I’d ask my reader at this point to try and recall the last time they heard of anyone today attempting a self-imposed feat with this much enthusiasm and dedication?  Odds are that it hasn’t happened, but it should have.  As a society today we’re so focused on traditional means of advancement and achievement in our careers and through formal education that we seldom look to improve upon ourselves and to mold ourselves into fuller, more decent people. As Vaughn was quoted earlier as saying “School and other education constantly proceed upon false principles, and show a clumsy apparatus pointed at a false mark,” we ought to follow Franklin’s example and educate ourselves to be fully educated, rather than to be considered smart in the eyes of society.

Ultimately, the relevance of Benjamin Franklin in modern society relies on the story he left behind.  We often hear stories of celebrities born into poverty and then skyrocketed into fame because of a number one album or a sports contract, but Franklin’s story is one of pure entrepreneurship and dedication to an end goal in life.

Franklin constantly worked.  One might argue that our society forces us to do the same.  While this is factual, Franklin worked differently than the society of today tells us to.  Today we work on our careers and our relationships; we work on getting a mandatory college degree so we can work on our mandatory careers.  Franklin’s example shows us that with the right dedication and right motivation, we can accomplish anything that our dreams desire.  His example teaches us to put aside for a moment everything that society is telling us to become and focus on ourselves and what we really want out of life.  If Franklin listened to what society told him, he would have never began to publish anonymous papers in his brother’s newspaper, nor would he have left his brothers apprenticeship in Boston for Philadelphia.  He made his own way in the world and was praised steadfastly for this later on in life.  Franklin once wrote in regard to his brother beating him during his apprenticeship with him, “I fancy his harsh and tyrannical treatment of me might be a means of impressing me with that aversion to arbitrary power that has stuck to me through my whole life.”
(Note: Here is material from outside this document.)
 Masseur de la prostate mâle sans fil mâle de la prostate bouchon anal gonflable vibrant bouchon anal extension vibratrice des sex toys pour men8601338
Dedicating to ourselves as Franklin did will probably prove difficult as well.  We clearly as a society do not have enough hours in the day amid all of our common distractions.  Television and the internet being both in this category of distractions we can only imagine that if we didn’t have these we would be better off in Franklin’s eyes. He was a noted polymath from his experience as a printer, a statesman, a diplomat, and postmaster and among several other things fluent in six languages (English, French, Spanish, Latin, German, and Italian).  Franklin accomplished these feats through his focus and ability to avoid distractions.  During his autobiography Franklin describes not wanting to play chess with a friend because of the time it wasted.  Instead, he proposed a game to accompany the matches.  Because he and his friend were both learning Italian, Franklin proposed that “the victor in every game should have a right to impose a task, either in parts of the grammar to be got by heart, or in translations, etc., which tasks the vanquished was to perform upon honor, before our next meeting.”  In this, Franklin still managed to learn and better himself without wasting a considerable amount of time.  It is this, dedication to oneself, which we are lacking today.  If we could manage to bash on amid our daily distractions we would each be better for it.
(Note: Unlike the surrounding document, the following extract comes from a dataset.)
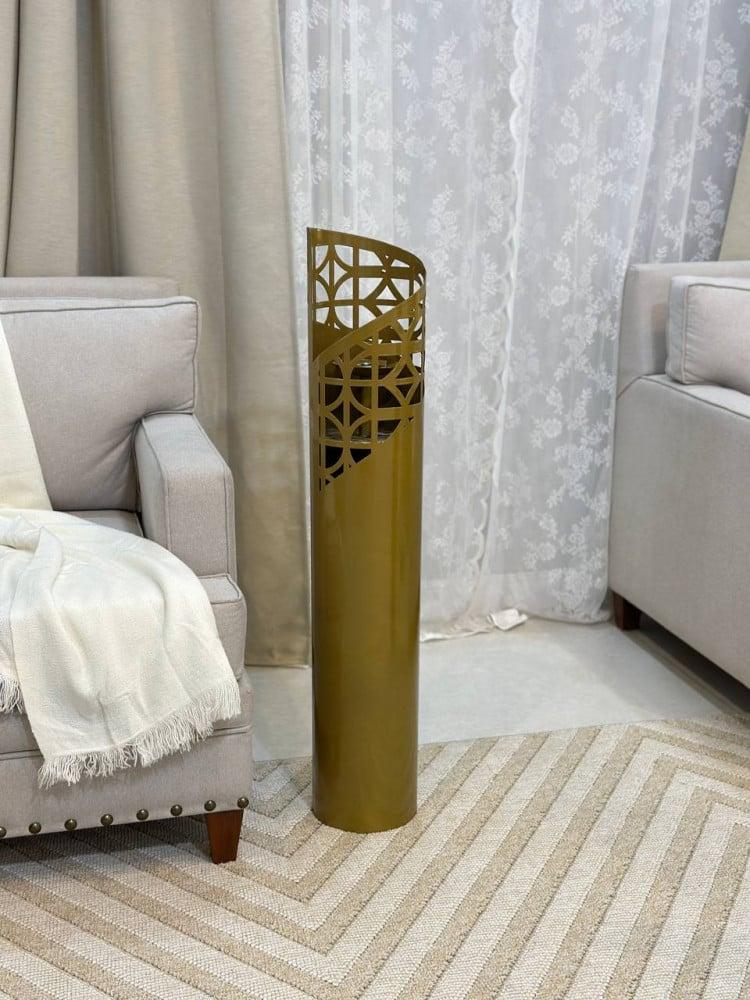 مبخرة حديد بلون ذهبي 100x20 سم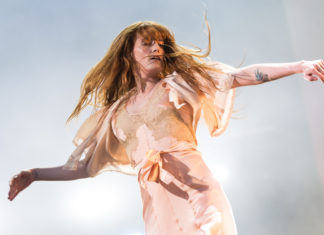 Florence Welch of Florence and the Machine performing at BBC's The Biggest Weekend Festival in 2018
In closing, it should be apparent that Franklin’s model for self dedication has the potential to produce staggeringly positive results.  His works, universal as they are, have a lasting impact on generations of Americans.  They seek to inspire us and our entrepreneurial spirit.  They seek to humble us by teaching us humility.  Franklin’s lessons reach through time to teach us that we’re always capable of bettering ourselves and our communities if we just take the time to do it.  Franklin wrote in his Poor Richards Almanac, “If you have time don’t wait for time.”  I think we all can take something away from that.